• [MATERIAL FOR THIS EXERCISE]
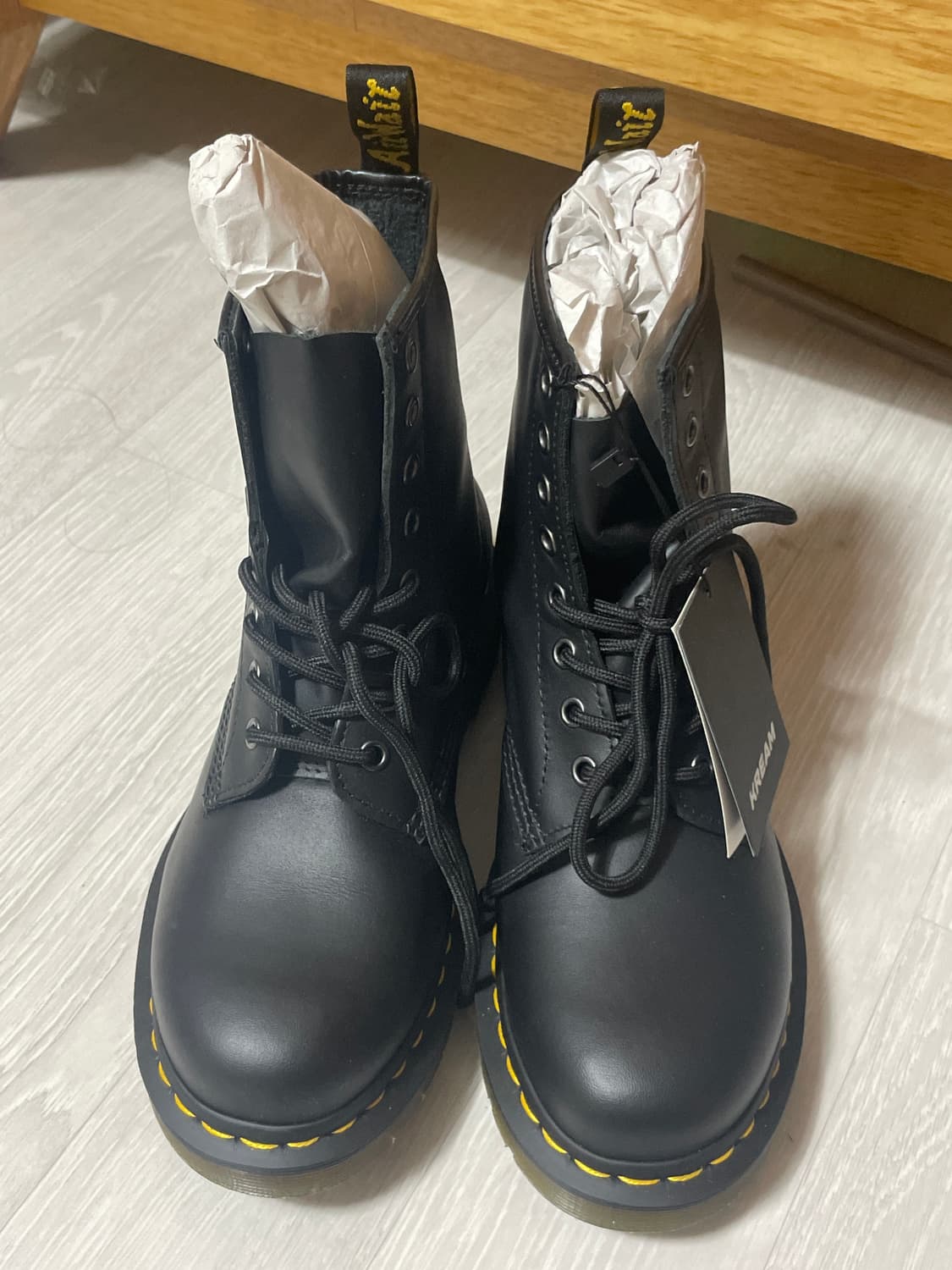 닥터마틴 나파레더 1460 여성 240 상품이미지1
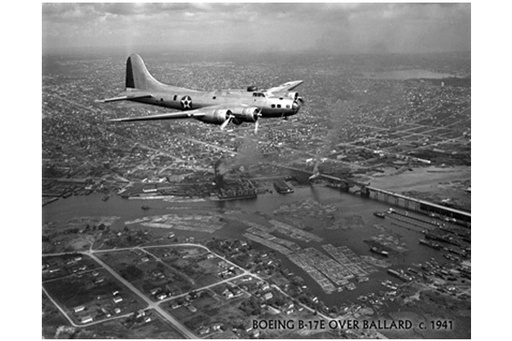 [RX1-13-17739] B-17 Flying Over Ballard Postcard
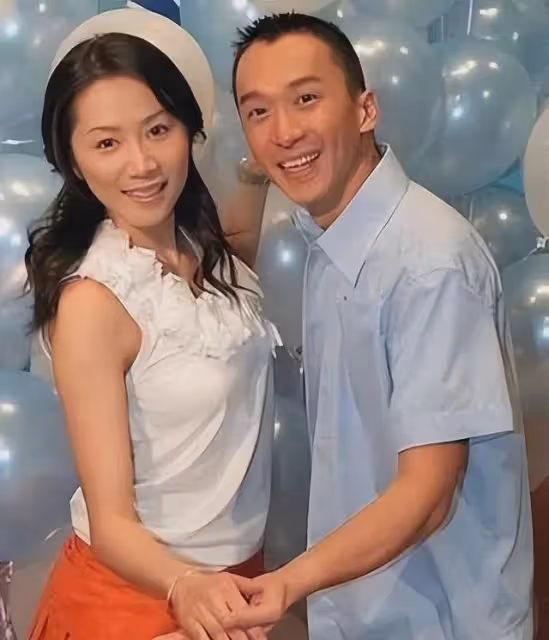 徐華鳳：做7年小三擠走原配，嫁進豪門3年，渾身長瘤死在丈夫懷中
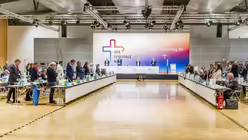 Symbolische Demonstration in der Synodalversammlung nach der Aussprache zu aktuellen Entscheidungen des Vatikans in Personalfragen / © Synodaler Weg/Maximilian von Lachner (SW)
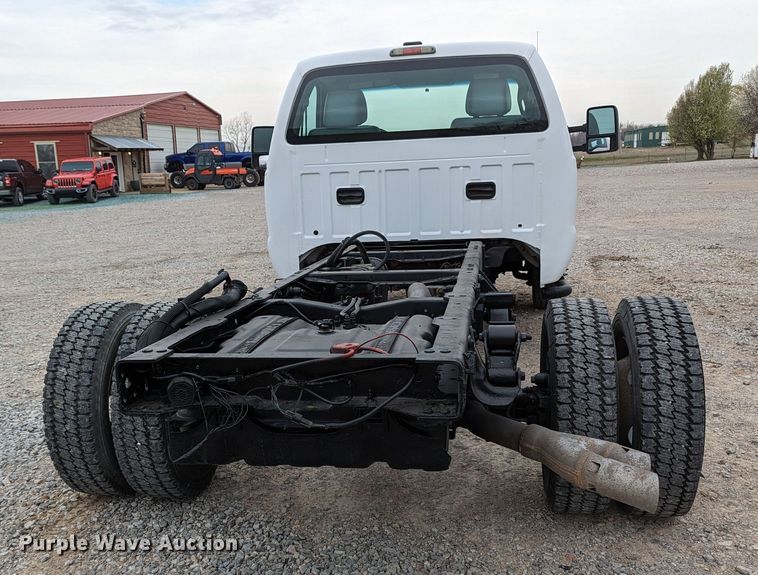 image for item LF9726 2011 Ford F450 Super Duty  truck cab and chassis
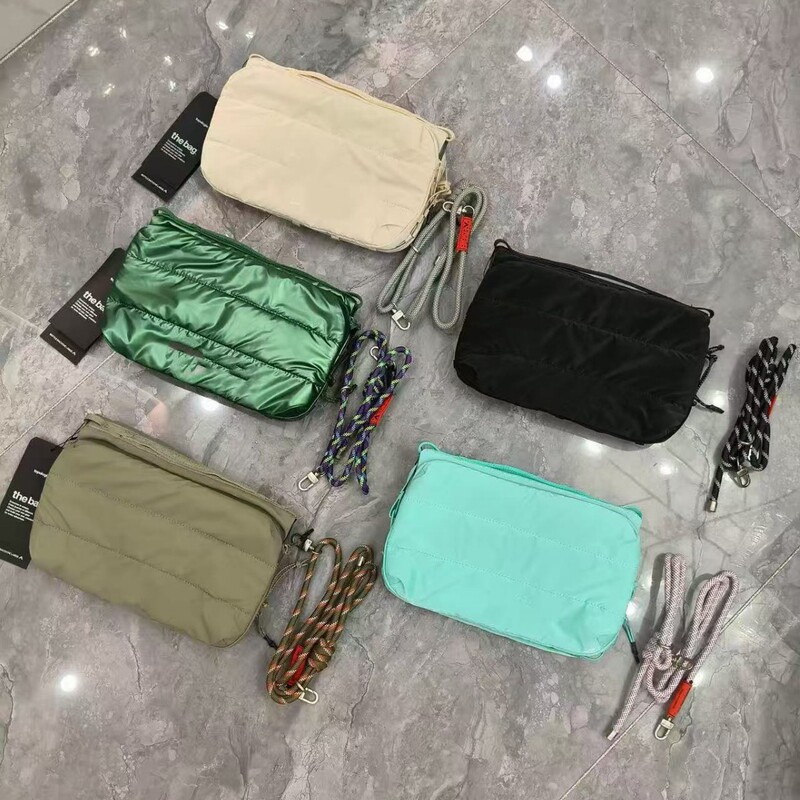 Cross-Border Hot-Selling Top-Selling Large Water Bottle Bag, New Waterproof Lightweight Cloud Bag, Rope Bag, Unisex, High-End Feel Cross-Border Hot-Selling Top-Selling Large Water Bottle Bag, New Waterproof Lightweight Cloud Bag, Rope Bag, Unisex, High-End Feel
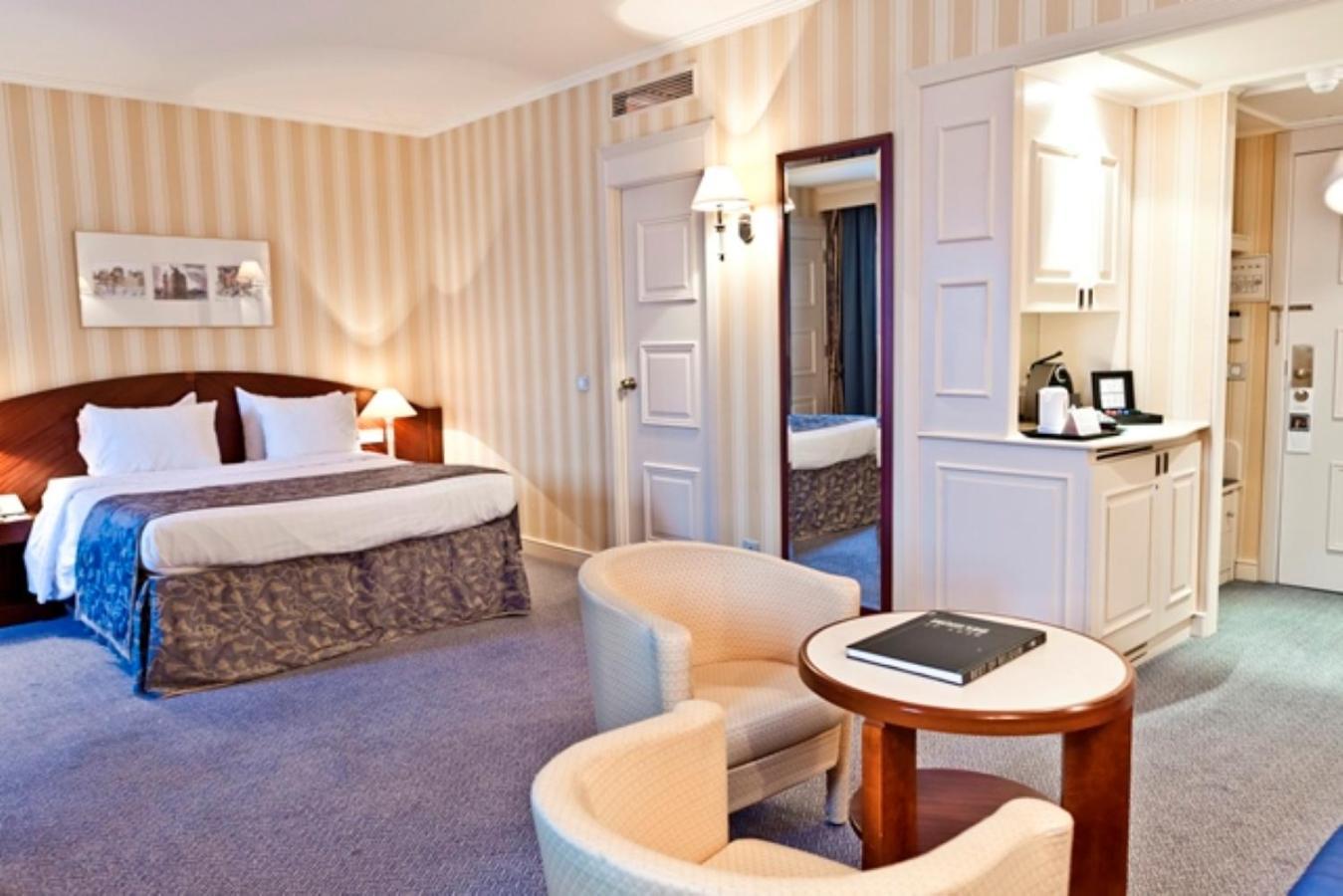 เลอชาเทอแลง บูติคโฮเต็ล Hotel บรัสเซลส์ ภายนอก รูปภาพ A room at the hotel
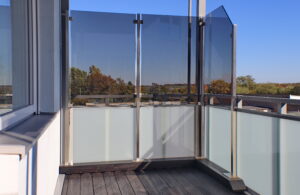 Windschutz Edelstahl Sonnenschutzglas Balkon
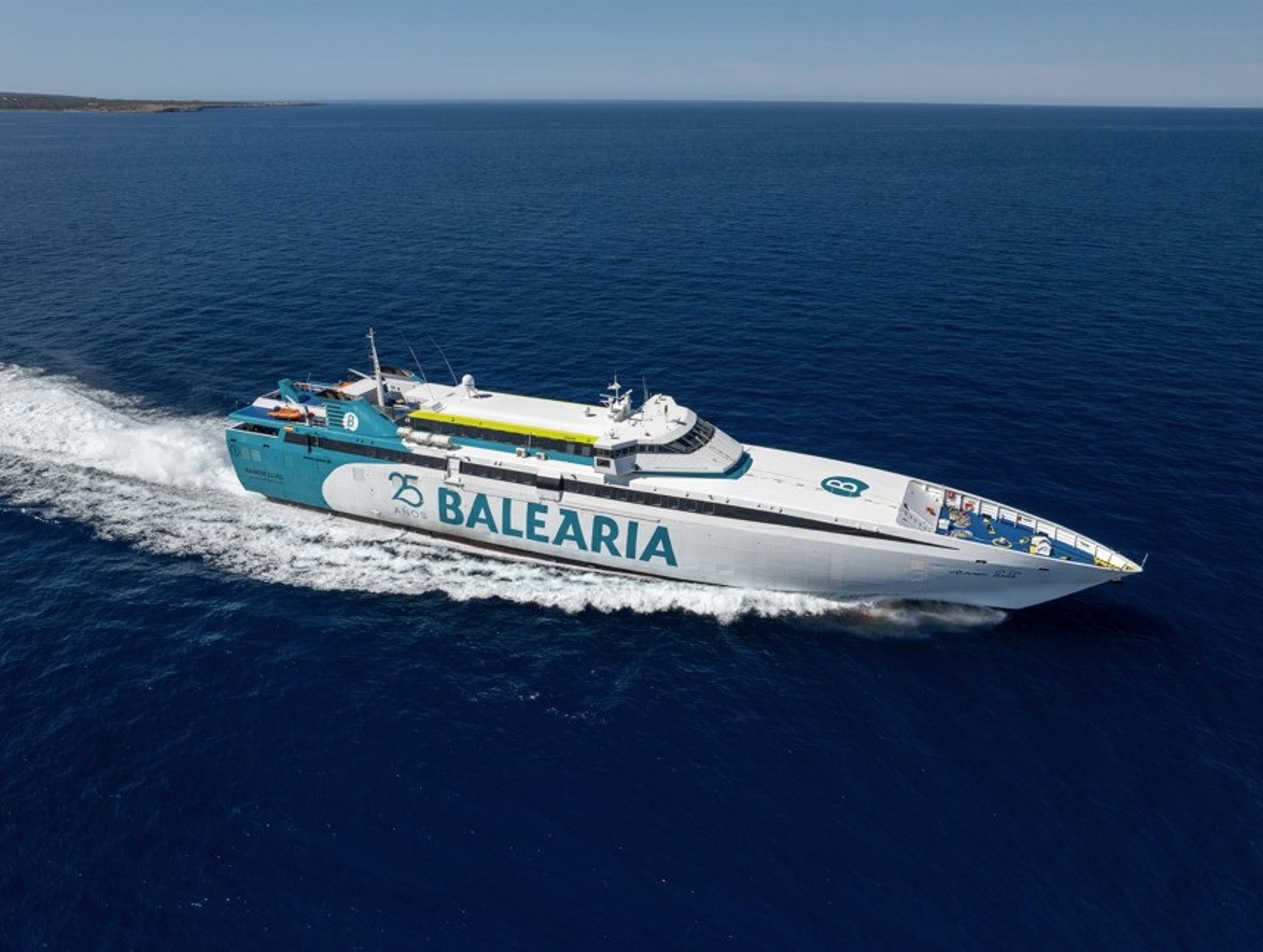 Balearia se hace con Naviera Armas y sus rutas en Canarias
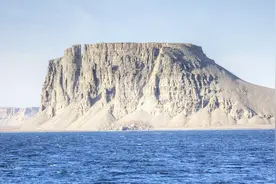 世界面积第一大无人岛，岛上环境如同火星，形成于2300万年前视频封面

• [TASK OBJECTIVE] Each line above has to be returned exactly. Drop the pictures.

• [OUTPUT BELOW]
 닥터마틴 나파레더 1460 여성 240 상품이미지1
 [RX1-13-17739] B-17 Flying Over Ballard Postcard
 徐華鳳：做7年小三擠走原配，嫁進豪門3年，渾身長瘤死在丈夫懷中
 Symbolische Demonstration in der Synodalversammlung nach der Aussprache zu aktuellen Entscheidungen des Vatikans in Personalfragen / © Synodaler Weg/Maximilian von Lachner (SW)
 image for item LF9726 2011 Ford F450 Super Duty  truck cab and chassis
 Cross-Border Hot-Selling Top-Selling Large Water Bottle Bag, New Waterproof Lightweight Cloud Bag, Rope Bag, Unisex, High-End Feel Cross-Border Hot-Selling Top-Selling Large Water Bottle Bag, New Waterproof Lightweight Cloud Bag, Rope Bag, Unisex, High-End Feel
 เลอชาเทอแลง บูติคโฮเต็ล Hotel บรัสเซลส์ ภายนอก รูปภาพ A room at the hotel
 Windschutz Edelstahl Sonnenschutzglas Balkon
 Balearia se hace con Naviera Armas y sus rutas en Canarias
 世界面积第一大无人岛，岛上环境如同火星，形成于2300万年前视频封面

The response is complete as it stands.